Web page caption snippets:

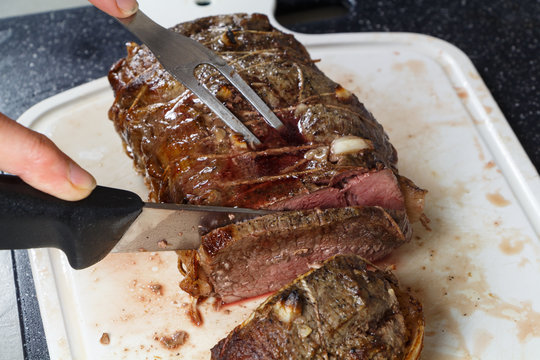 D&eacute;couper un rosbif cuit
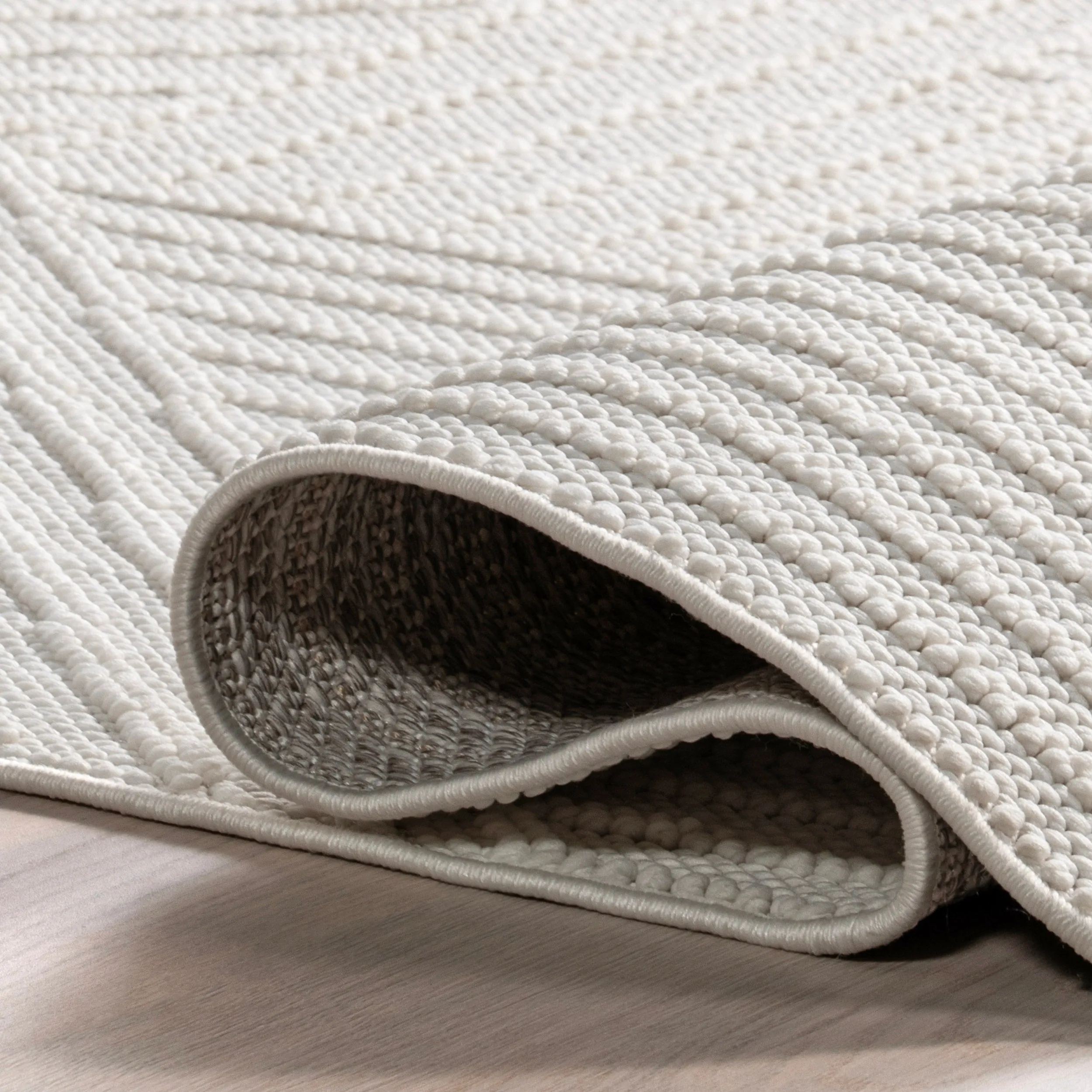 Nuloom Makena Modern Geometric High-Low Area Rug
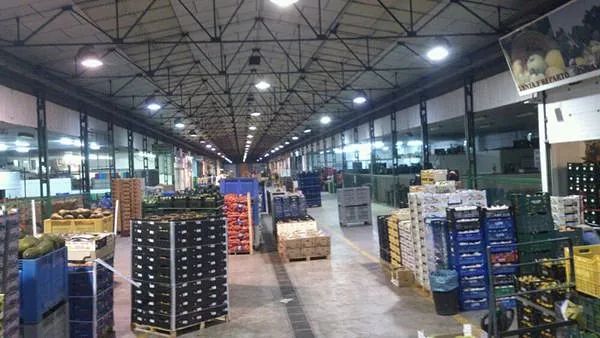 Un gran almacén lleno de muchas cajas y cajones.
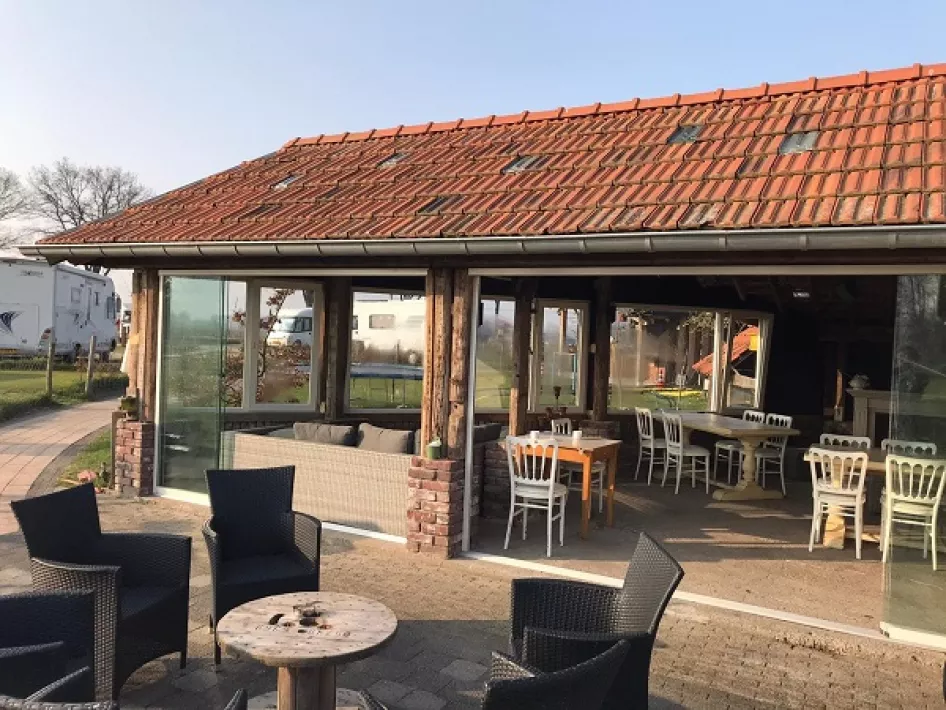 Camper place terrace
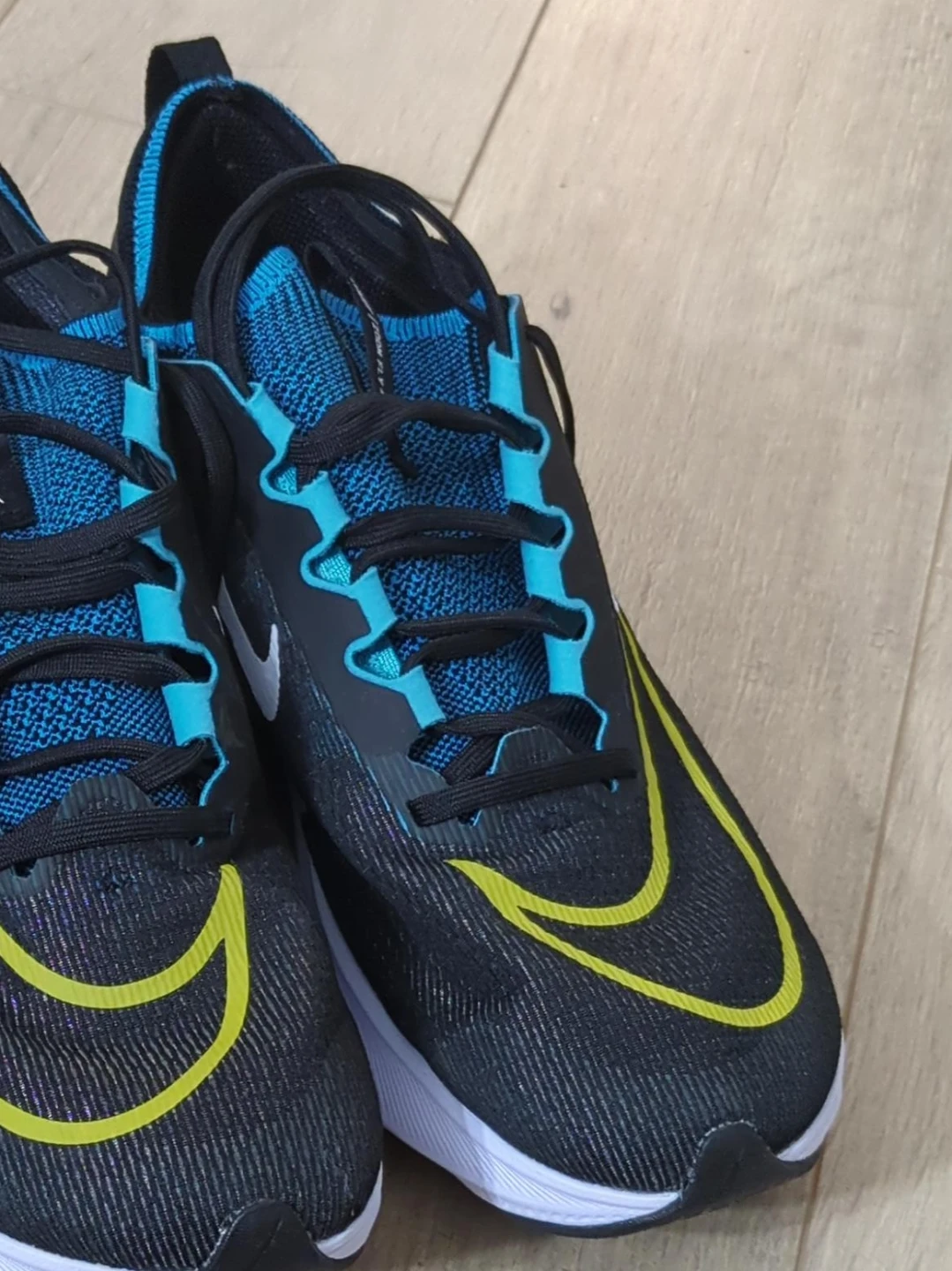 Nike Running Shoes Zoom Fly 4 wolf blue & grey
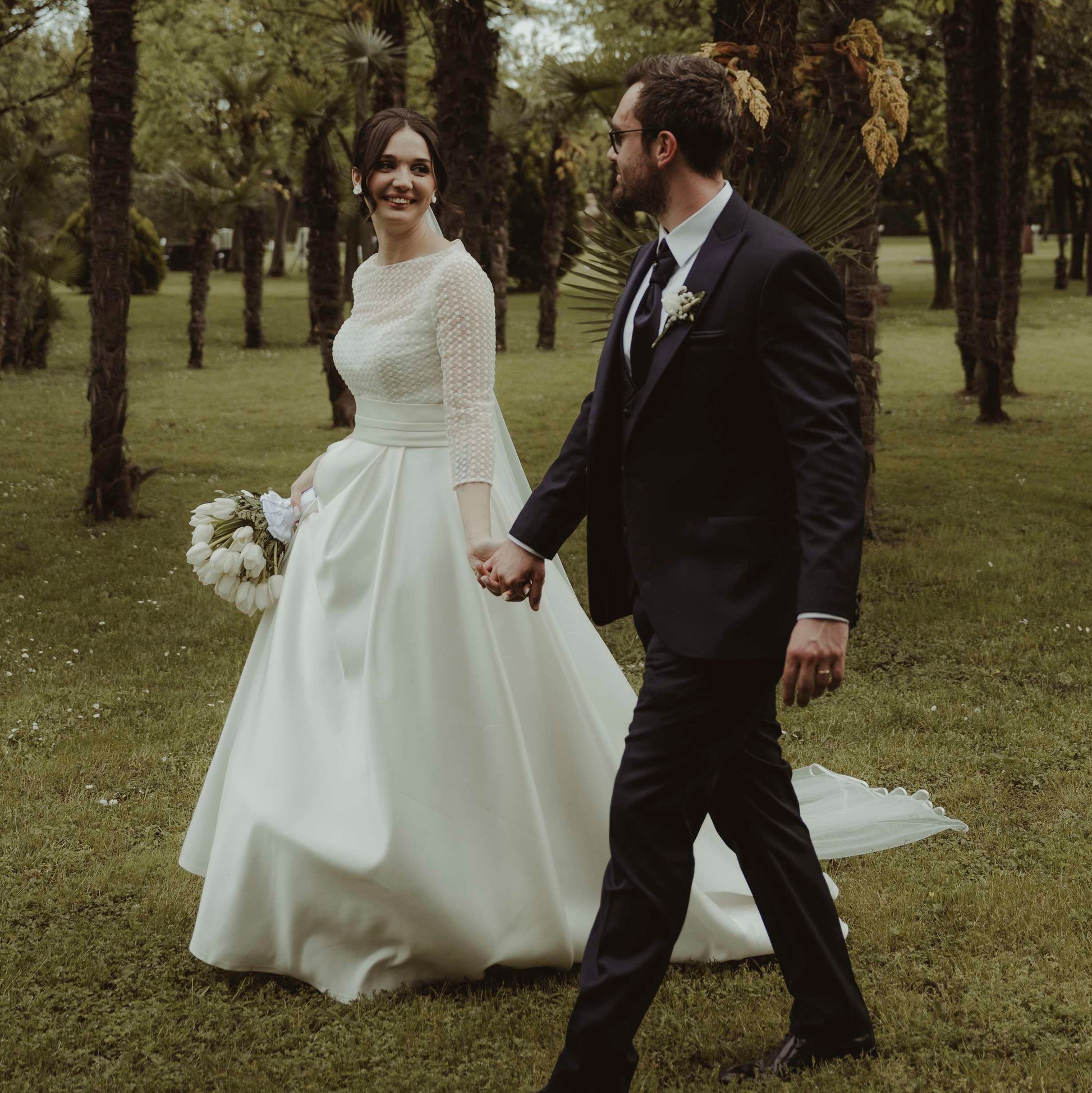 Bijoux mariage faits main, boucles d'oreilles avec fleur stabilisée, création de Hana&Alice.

Work instructions: Return only the lines from the one that contains "Nuloom Makena Modern" through the closing line of the data, inclusive, reproduced exactly and with every picture left out.

Final answer:
 Nuloom Makena Modern Geometric High-Low Area Rug
 Un gran almacén lleno de muchas cajas y cajones.
 Camper place terrace
 Nike Running Shoes Zoom Fly 4 wolf blue & grey
 Bijoux mariage faits main, boucles d'oreilles avec fleur stabilisée, création de Hana&Alice.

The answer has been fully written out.